Seven days in a row, no work, just the family and some friends at a beach house in Florida.

Got to Day 5 or 6 before reading a single word of any of the reading material that I brought.

Other than plugging in the laptop with a wireless internet connection on the afternoon of our arrival, for the purpose of finding a map of the town we were in, and then checking a personal email account in the middle of the week for about 2 minutes, the computer was never turned on.

What did we do for seven days?

Created.  Sand castles, a 2000 piece jigsaw puzzle, pottery glazing.  And biked.  And swam.  And ate and drank.

That's it.  No information absorption of any kind, for an entire week.  And that was the best week I can recall in a long, long time.  Then I thought back to other "best times I've had in a long time," and not a single one involved access to news, internet, or contact with the world that existed outside of my immediate surroundings and the people I was with.  Why is that?

I believe it's because there is a happiness continuum for most humans:

  1. we are happiest when we are creatively doing [whether that creativity involves the moves on the court, the drawing on the page, the notes being played, the construction of a deck, or the problem-solving repair of a toilet], when we are physically engaged "in the moment";
  2. failing that, the next level of happiness is realized when we are communicating about something we care about,
  3. followed by learning in a group setting about things we care about,
  4. followed by learning in an individual setting [and I suppose I very loosely consider media consumption and gaming as "learning"],
  5. followed by daydreaming,
  6. followed by doing things in a group setting that we don't enjoy,
  7. followed by doing things alone that we don't enjoy,
  8. followed by doing nothing while thinking negative thoughts.
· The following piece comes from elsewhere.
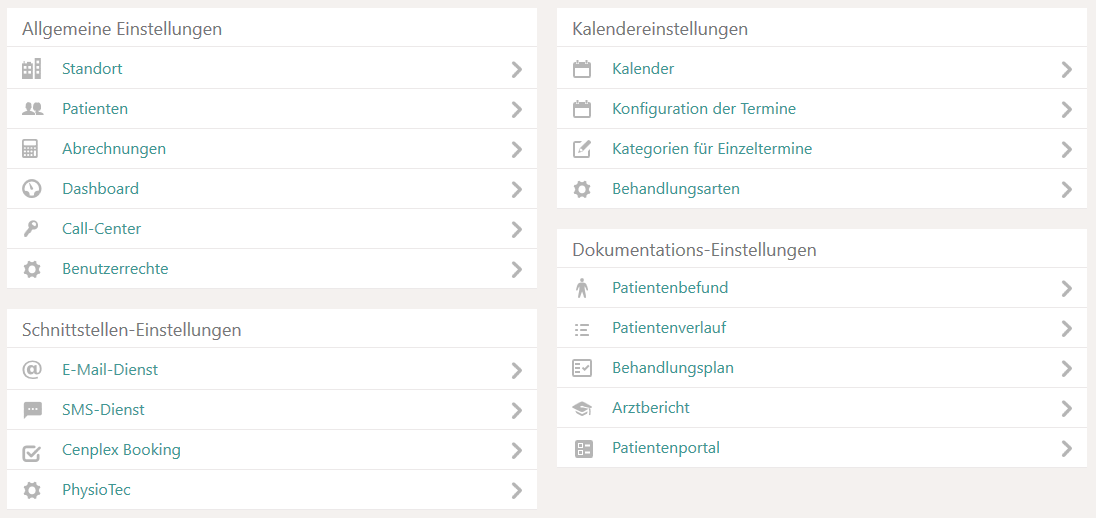 Neue Einstellungsansicht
Many people are unhappy in their jobs, or even their lives, and I wonder if the solution is as simple as spending more time on activities that are higher up on that happiness continuum.  Of course, that would mean spending less time on the activities that fall lower in the continuum (the term "hierarchy" is being consciously avoided, as hierarchies tend to represent things that build on one other, such that the lower items in the hierarchy are required in order to achieve the higher items; that is clearly not the case here, since people are able to engage at any point in the continuum without having participated in activities at other points).

But that opportunity cost isn't really much of a cost at all - in fact, it's yet another benefit to spending more time in the fun part of life.  Who has time for sadness, boredom, loneliness and depression, when more and more of their time is spent busily creating, doing, learning, and interacting with others?  Once a certain point is passed, once the pie has its biggest slice taken up by happiness and its smallest slice taken up by suckiness, the crappy parts are more easily endured due to the fact that our minds can deal with temporary and short-lived adversity far more effectively when it knows that it is just a drop in the ocean when compared to the happiness of engagement that is the norm.

Now, it's almost time for yet another engaging, happiness-inducing activity - as soon as I suffer through a short-term, life-force-draining activity that ranks REALLY low on my personal happiness continuum.